Now you can ladle to scoop the boiling milk-coconut weight and with constant stirring with a whisk to mix together with the beaten egg. Then this mixture gently, while stirring pour in the bulk boiling milk-coconut mass and not stopping to prevent thickening, the fire to do very little. Roughly speaking bring to the first bubble, while stirring with a whisk in the cream leave a mark. Cream cool.
Now 1/3 of the coconut cream to postpone it and put it in the fridge Cheese of any suitable creamy (Mascarpone, Philadelphia cream Bonjour...). I usually take the Almette cream or yogurt. 150 g cream cheese whip with remaining coconut cream, gradually add the lemon juice, if desired, and flavor you can add a spoonful of any liquor, will be especially relevant rum or cream liqueur. Cream visually divide into 6 parts.
Now collect. The cake fluff cream, put the second cake, spread with cream and put half of the chopped pineapple. Pineapple and almonds are strictly optional. I have in the freezer lay fresh frozen pineapple, also were almonds, I washed and roasted, I drank, but my insane love of nuts have destroyed about a third. Pineapple thawed out and stood out a little of the juice that I soaked cakes, but this is optional, they won't dry.

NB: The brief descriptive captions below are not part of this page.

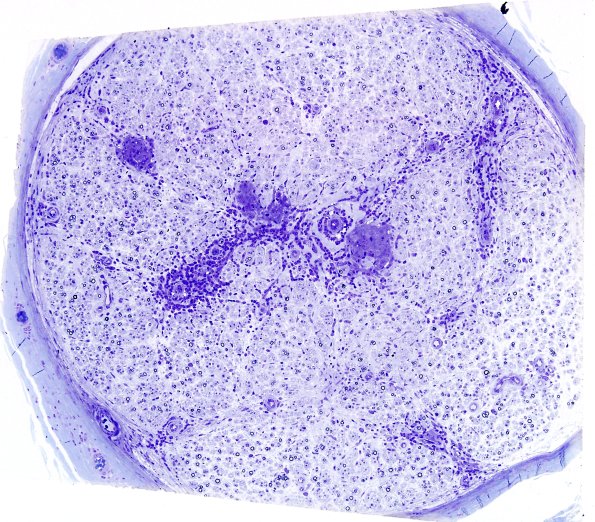 1B3A Leprosy, tuberculoid (Case 1) Plastic 4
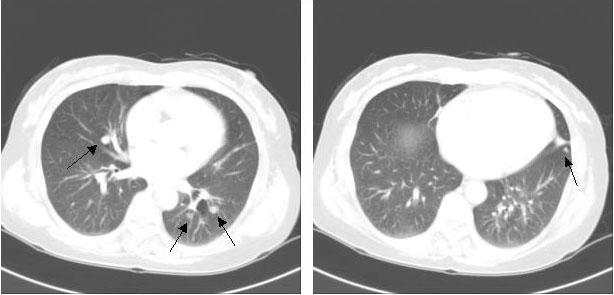 Tuberculosis and Respiratory Diseases Vol. 60. No. 1, Jan. 2006 Figure 1. CT scan reveals multiple nodular opacities on both lung fields. Figure 2.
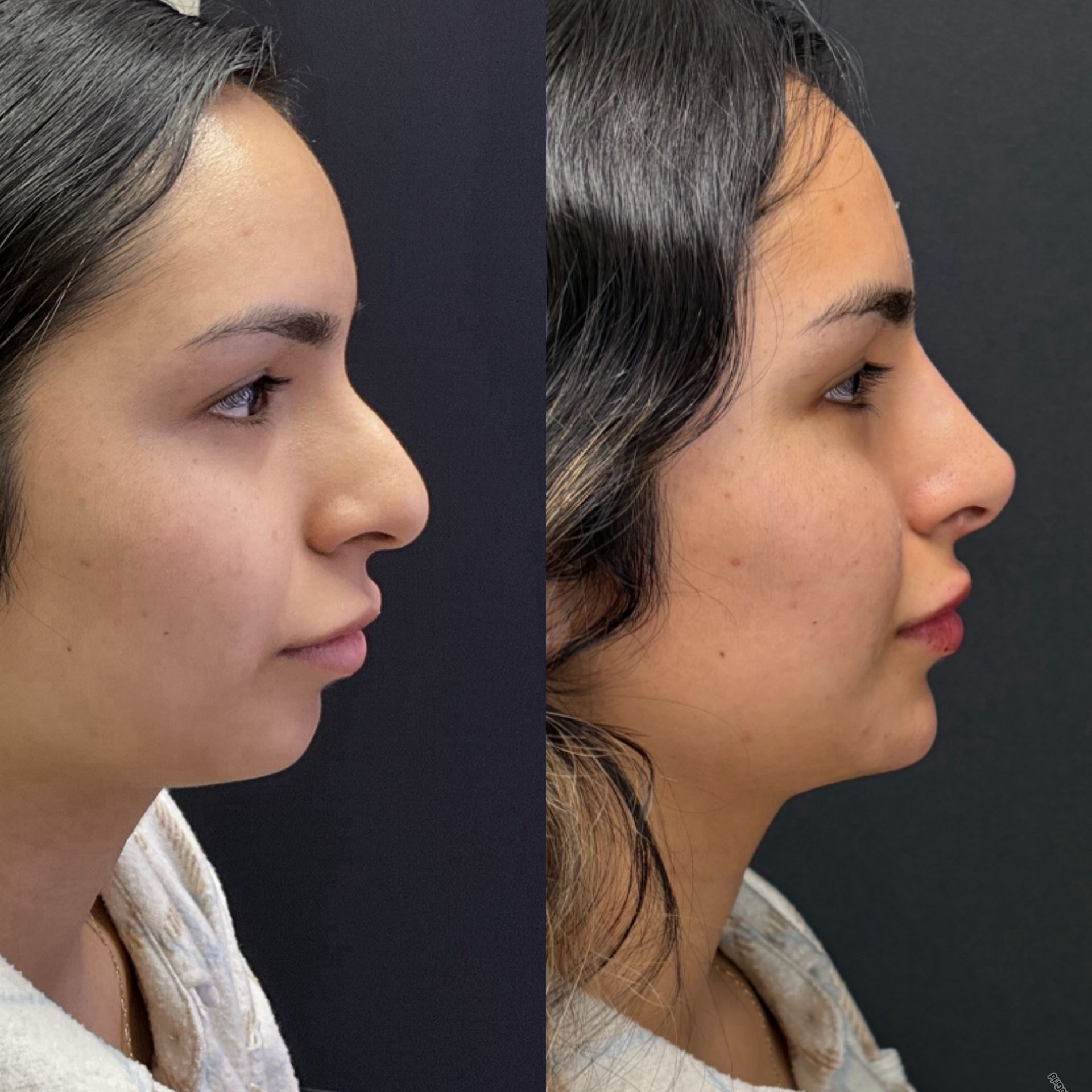 Side-by-side profile portraits of a woman, showing before and after facial appearance.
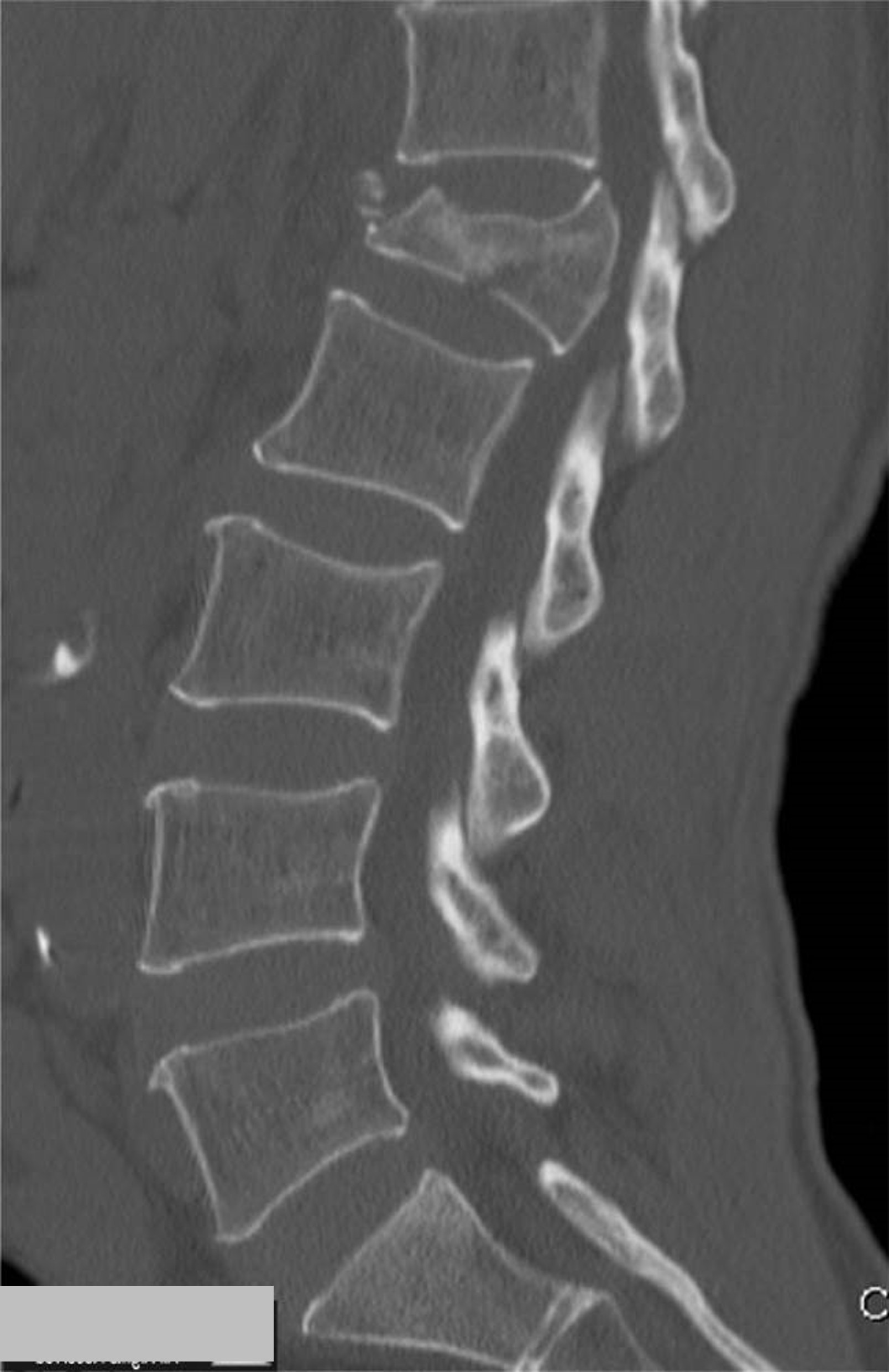 <p>What is the diagnosis?</p>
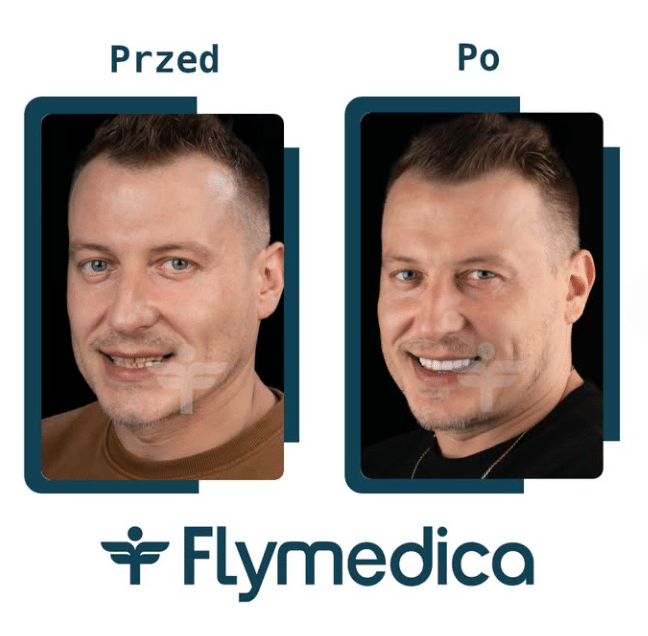 Hollywood Smile - licówki porcelanowe jako recepta na śnieżnobiały uśmiech 6 Hollywood Smile w Turcji z Flymedica - przed i po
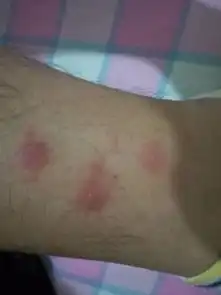  这是荨麻疹还是别的什么一开始像蚊子咬的,有点肿,很痒,后来变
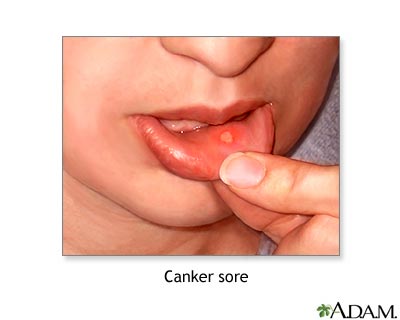Canker sore Canker sore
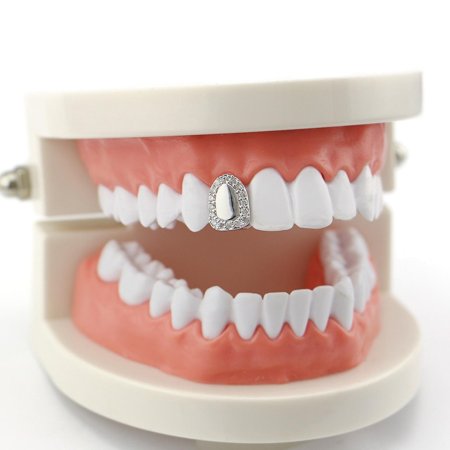 Керамическая накладка на зуб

Cover with the third cake layer, brush with cream and sprinkle with coarsely chopped roasted almonds, cover with fourth cake layer. Oil cream and put the remaining pineapple and the fifth layer. The fifth smear the cake with the remaining cream and cover the sixth, the level ))) Now give our cake stand for an hour or two at room temperature.
It's time to get out of the refrigerator pending 1/3 of the cream and coat the sides. Also we still have 150 g cream cheese 1-2 tbsp powdered sugar unused. Mix them and beat with a mixer until the consistency of whipped cream. Powdered sugar to taste, enough for me, and 1 tbsp spoons, who likes sweeter, put two, and it is better to try. To place the fondant on top of cake to level.
That's all, almost, not counting the fact that he needs the night to stand in the fridge and what to decorate to your taste. I Boca sprinkled with almond petals, the top is thickly sprinkled with coconut and decorated with colored powder.